(a) It is the intent of the Legislature to establish state standards that govern the implementation of community paramedicine or triage to alternate destination programs by local EMS agencies in California.
(b) It is the intent of the Legislature that community paramedicine or triage to alternate destination programs be community-focused extensions of the traditional emergency response and transportation paramedic model that has developed over the last 50 years and be recognized as an emerging model of care created to meet an unmet need in California’s communities.
(c) It is the intent of the Legislature to improve the health of individuals in their communities by authorizing licensed paramedics, working under expert medical oversight, to deliver community paramedicine or triage to alternate destination services in California utilizing existing providers, promoting continuity of care, and maximizing existing efficiencies within the first response and emergency medical services system.
(d) It is the intent of the Legislature that a community paramedicine or triage to alternate destination program achieve all of the following:
(1) Improve coordination among providers of medical services, behavioral health services, and social services.
(2) Preserve and protect the underlying 911 emergency medical services delivery system.
(3) Preserve, protect, and deliver the highest level of patient care to every Californian.
(4) Preserve and protect the current health care workforce and empower local health care systems to provide care more effectively and efficiently.
(e) It is the intent of the Legislature that an alternate destination facility participating as part of an approved program always be staffed by a health care professional with a higher scope of practice, such as, at minimum, a registered nurse.
(f) It is the intent of the Legislature that the delivery of community paramedicine or triage to alternate destination services is a public good to be delivered in a manner that promotes the continuity of both care and providers.
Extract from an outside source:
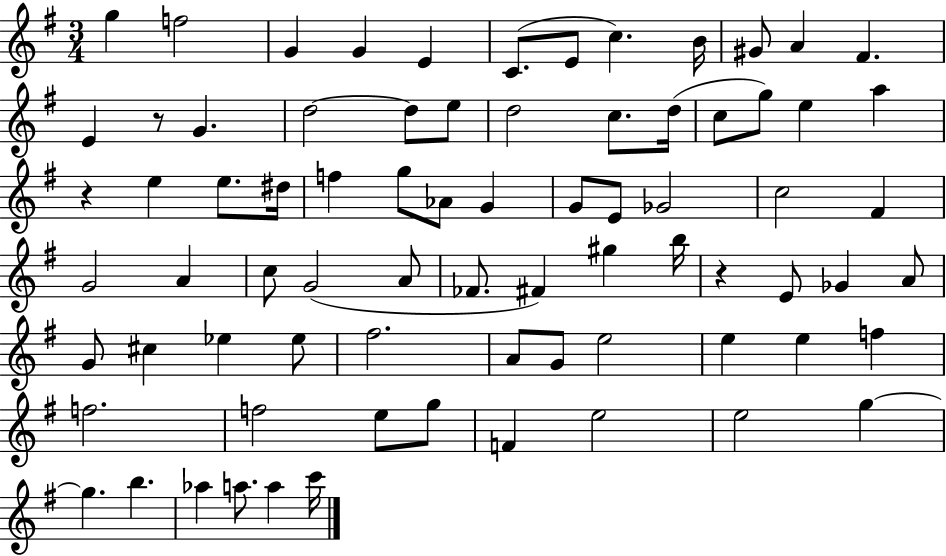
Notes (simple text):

G5/q F5/h G4/q G4/q E4/q C4/e. E4/e C5/q. B4/s G#4/e A4/q F#4/q. E4/q R/e G4/q. D5/h D5/e E5/e D5/h C5/e. D5/s C5/e G5/e E5/q A5/q R/q E5/q E5/e. D#5/s F5/q G5/e Ab4/e G4/q G4/e E4/e Gb4/h C5/h F#4/q G4/h A4/q C5/e G4/h A4/e FES4/e. F#4/q G#5/q B5/s R/q E4/e Gb4/q A4/e G4/e C#5/q Eb5/q Eb5/e F#5/h. A4/e G4/e E5/h E5/q E5/q F5/q F5/h. F5/h E5/e G5/e F4/q E5/h E5/h G5/q G5/q. B5/q. Ab5/q A5/e. A5/q C6/s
It is the intent of the Legislature that the delivery of these services be coordinate and consistent with, and complementary to, the existing first response and emergency medical response system in place within the jurisdiction of the local EMS agency.
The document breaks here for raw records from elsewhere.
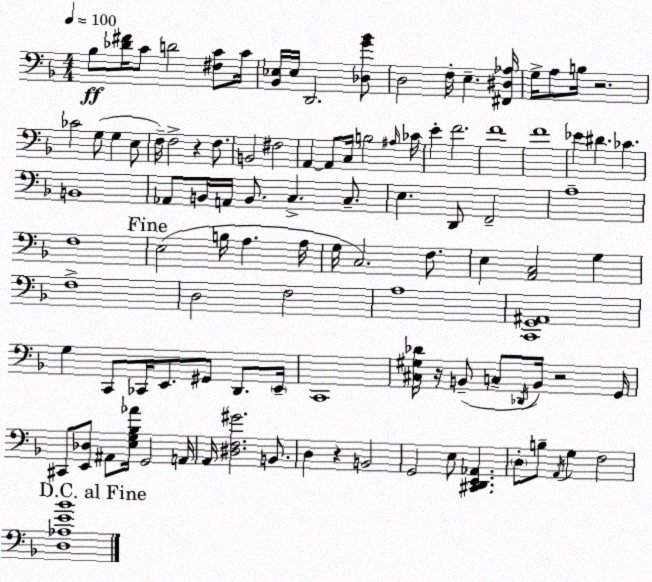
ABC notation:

X:1
T:Untitled
M:4/4
L:1/4
K:Dm
_B,/2 [_D^F]/4 C/2 D2 [^F,C]/2 C/4 [_B,,_E,]/4 _E,/4 D,,2 [_D,G_B]/2 D,2 F,/4 E, [^F,,^D,_A,]/4 G,/4 A,/2 B,/4 z2 _C2 G,/2 G, E,/2 F,/4 F,2 z F,/2 B,,2 ^F,2 A,, A,,/2 C,/4 B,2 ^A,/4 _C/4 E F2 F4 F4 _E ^D _C B,,4 _A,,/2 B,,/4 A,,/4 B,,/2 C, C,/2 E, D,,/2 F,,2 A,4 F,4 E,2 B,/4 A, A,/4 G,/4 C,2 F,/2 E, [A,,C,]2 G, F,4 D,2 F,2 A,4 [C,,G,,^A,,]4 G, C,,/2 _C,,/4 E,,/2 ^G,,/2 D,,/2 E,,/4 C,,4 [^C,^G,_D]/4 z/4 B,,/2 C,/2 _D,,/4 B,,/4 z2 G,,/4 ^C,,/2 [E,,_D,]/2 ^A,,/2 [E,G,_B,_A]/4 G,,2 A,,/4 A,,/4 [^D,F,^G]2 B,,/2 D, z B,,2 G,,2 E,/2 [^C,,D,,E,,_A,,] D,/2 B,/2 A,,/4 G, F,2 [D,_A,E_B]4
(g) It is the intent of the Legislature that a community paramedicine or triage to alternate destination program be designed to improve community health and be implemented in a fashion that respects the current emergency medical system and its providers, and the health care delivery system. In furtherance of the public interest and good, agencies that provide first response services are well positioned to deliver care under a community paramedicine or triage to alternate destination program.
(h) It is the intent of the Legislature that the development of any community paramedicine or triage to alternate destination program reflect input from all practitioners of appropriate medical authorities, including, but not limited to, medical directors, physicians, nurses, mental health professionals, first responder paramedics, hospitals, and other entities within the emergency medical response system.
(i) It is the intent of the Legislature that local EMS agencies be authorized to develop a community paramedicine or triage to alternate destination program to improve patient care and community health. A community paramedicine or triage to alternate destination program should not be used to replace or eliminate health care workers, reduce personnel costs, harm the working conditions of emergency medical and health care workers, or otherwise compromise the emergency medical response or health care system. The highest priority of any community paramedicine or triage to alternate destination program shall be improving patient care.
(j) It is the intent of the Legislature to monitor and evaluate implementation of community paramedicine and triage to alternate destination programs by local EMS agencies in California and determine whether these programs should be modified or extended before the January 1, 2024, sunset date of this chapter.
(Added by Stats. 2020, Ch. 138, Sec. 4. (AB 1544) Effective January 1, 2021. Repealed as of January 1, 2024, pursuant to Section 1857.)